C’est une langue parlée par environ 191.000 personnes, selon une étude de l’institut TMO Régions datant de 2018, soit presque autant que le breton et ses 207.000 locuteurs. Dans son territoire de Haute-Bretagne, une zone qui s’étend grossièrement à l’est d’une ligne entre Saint-Brieuc et Vannes, le gallo peine pourtant à être visible dans l’espace public.

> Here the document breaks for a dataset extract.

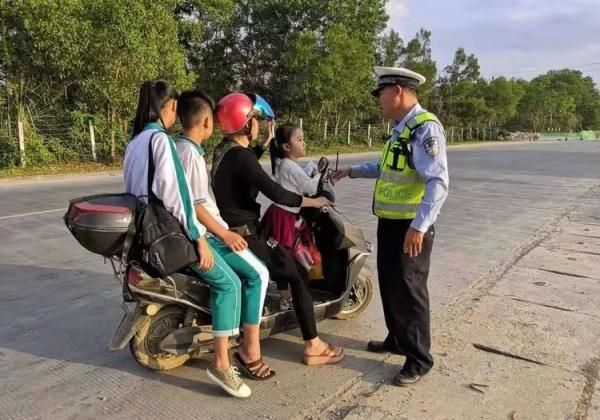 交警查处违法机动车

Hormis quelques villes comme Saint-Brieuc (Saint-Berieu), Fougères (Foujër), Iffendic (Fendic) ou Liffré (Lifrë), rares les collectivités qui affichent leur nom en gallo sur leurs panneaux d’entrée de bourg. A Rennes par exemple, capitale de la Bretagne située en plein cœur du pays gallo, on ne trouve aucune trace d’un panneau bilingue « Rennes-Rene » aux entrées de la ville, alors que des panneaux Rennes-Roazhon sont bien visibles.
Reconnu au même titre que le breton
Une inégalité de traitement qui a du mal à passer pour le collectif « Du galo en Bertègn » (Du gallo en Bretagne), qui milite « pour le respect des droits culturels et linguistiques en pays gallo. » Car la Bretagne possède bien deux langues régionales. Le breton bien sûr, la plus connue, mais aussi la langue gallèse, une langue d’oïl comme le picard ou le wallon. En 2004, les deux langues ont d’ailleurs été reconnues conjointement « langues de Bretagne » par le Conseil régional. « C’est une chance d’avoir cette richesse linguistique », assure Raphaël Gouablin, ancien président de l’Institut de la langue gallèse.

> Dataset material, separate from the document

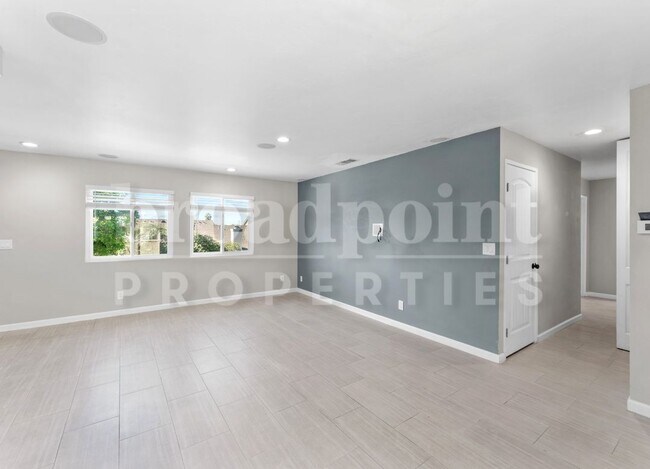 Foto del edificio - 2512 Wanek Rd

Le 15 mars 2022, lors de la signature par Jean Castex d’une convention spécifique sur les langues de Bretagne, le gallo a également eu le droit à sa part de gâteau, avec notamment des aides en faveur de l’enseignement et de la formation en langue gallèse. « Cela avance mais pas comme on le veut car le gallo reste toujours invisible dans l’espace public », souligne Raphaël Gouablin.
Des panneaux pour « rendre réel son existence »
Pour alerter les élus sur l’invisibilité de la langue, classée comme sérieusement en danger par l’Unesco, le collectif a donc pris la plume et rédigé un manifeste, signé par 300 artistes, universitaires et personnalités et une quarantaine de structures associatives de la région. « On veut du gallo en pays gallo, c’est aussi simple que ça », indiquent ses militants. Et pour cela, il faut que la langue soit affichée sur des panneaux routiers. « Cela rend réel l’existence d’une langue, cela lui donne droit de cité », estime Nicolas Beurrier, coprésident de l’association Qerouézée.
Pas vénères, les défenseurs du gallo n’entendent pas pour autant déboulonner les panneaux en langue bretonne sur leur territoire. « Ce n’est en rien une opposition, les deux langues cohabitent très bien ensemble », souligne Guillaume Gérard, enseignant et président de la Granjagoul à Vitré. Ils espèrent tout de même que leurs efforts porteront leurs fruits et que des panneaux de signalétique en gallo fleuriront bientôt au bord des routes de « Haote-Bertègn ».